Pierwsi zagrożenie pod bramką rywala stworzyli gospodarze. Grzegorz Piesio, spod linii bocznej, posłał piłkę z rzutu wolnego, a ta odbiła się od poprzeczki. 20 minut później Emmanuel Obi dobrze wyszedł do prostopadłego podania, ale jego strzał obronił wychodzący z bramki Kamil Cholewa. Niespełna 10 minut później bramkarz Marcovii był bezradny. Po rzucie rożnym, bitym przez Piesia, zakotłowało się przed polem bramkowym gości. Ostatecznie piłka trafiła pod nogi Emmanuel Obiego, który z bliskiej odległości dał prowadzenie miejscowym.

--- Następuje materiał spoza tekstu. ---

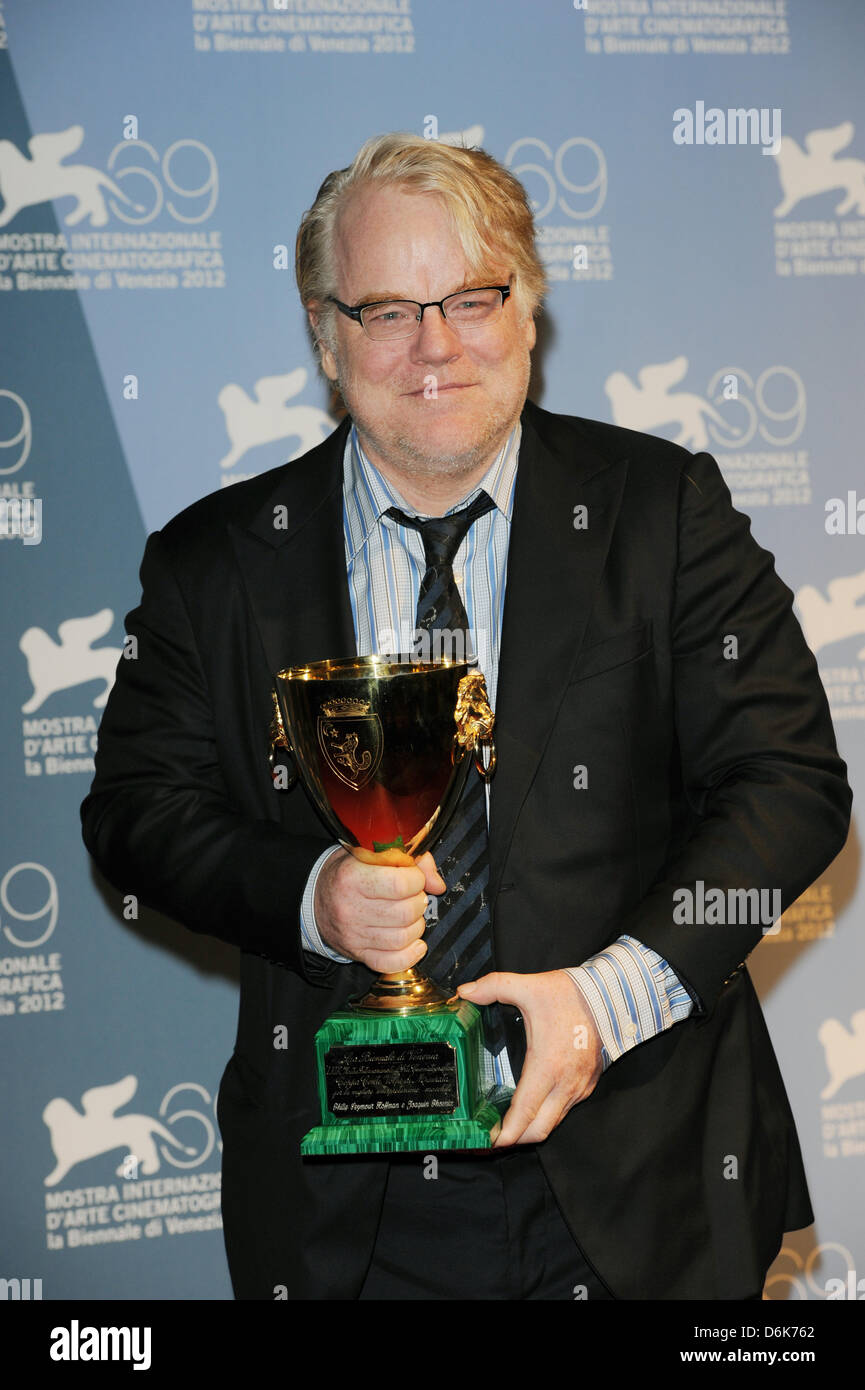 US actor Philip Seymour Hoffman presents the Coppa Volpi award for best actor in 'The Master' after the closing award ceremony of the 69th Venice International Film Festival in Venice, Italy, 08 September 2012. Photo: Jens Kalaene Stock Photo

Po stracie gola częściej w polu karnym Wilgi gościła Marcovia. Strzały przyjezdnych pewnie wyłapywał Jakub Bieliński. Tuż przed zejściem do szatni, próba Sebastiana Papiernika z ostrego kąta o centymetry minęła bramkę zespołu z Marek.
Po zmianie strony długo oba zespoły nie stwarzały klarownych sytuacji do zdobycia gola. W 64. minucie na prawym skrzydle znalazł się Kacper Wieczorek. Środkowy pomocnik wrzucił w pole karne, gdzie najwyżej do główki wyskoczył Obi. Nigeryjczyk mógł cieszyć się z dubletu oraz 12. bramki w sezonie.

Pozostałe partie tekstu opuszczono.